# [What to produce]
Because the images are not wanted, restate every line below word for word without them.

# [Data shown]

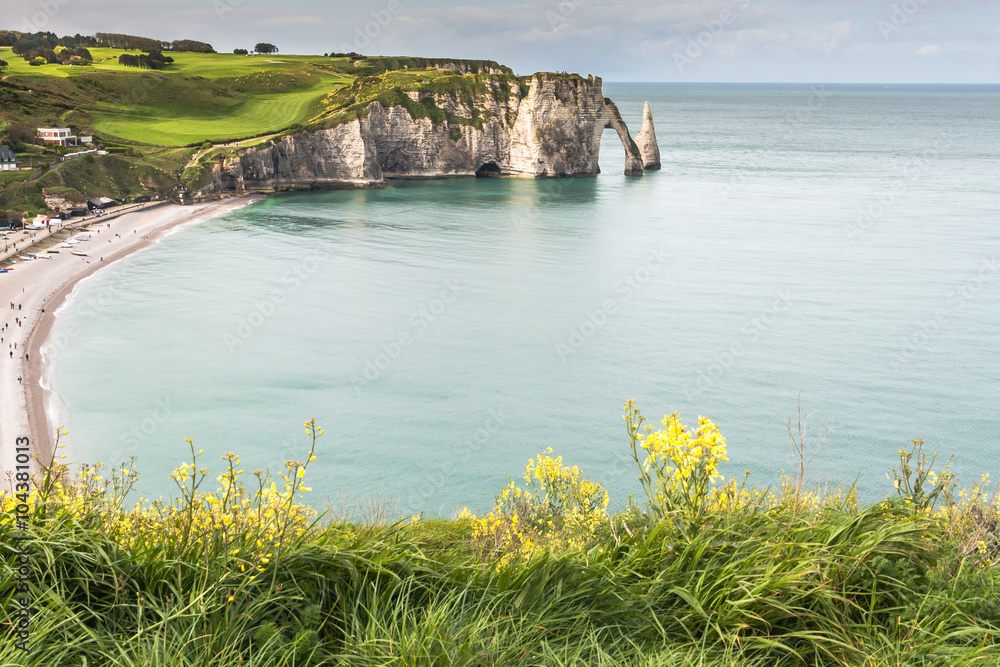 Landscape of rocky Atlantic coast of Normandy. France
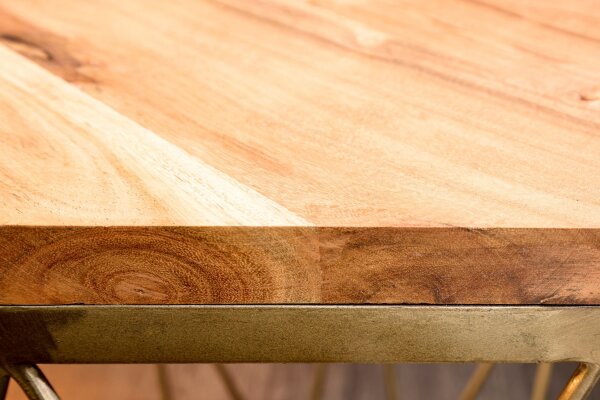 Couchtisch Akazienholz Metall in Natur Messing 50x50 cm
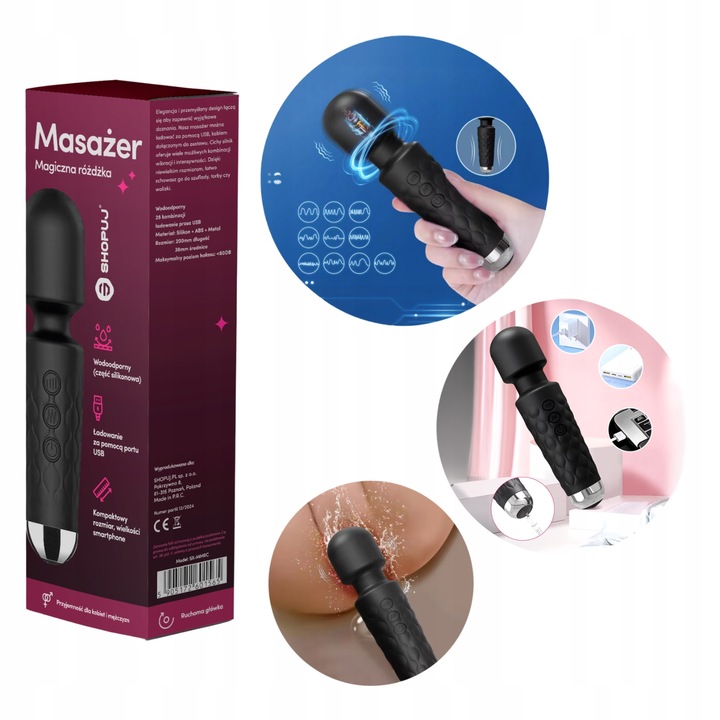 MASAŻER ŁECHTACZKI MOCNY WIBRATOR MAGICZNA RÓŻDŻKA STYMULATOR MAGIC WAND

# [Response box]
 Landscape of rocky Atlantic coast of Normandy. France
 Couchtisch Akazienholz Metall in Natur Messing 50x50 cm
 MASAŻER ŁECHTACZKI MOCNY WIBRATOR MAGICZNA RÓŻDŻKA STYMULATOR MAGIC WAND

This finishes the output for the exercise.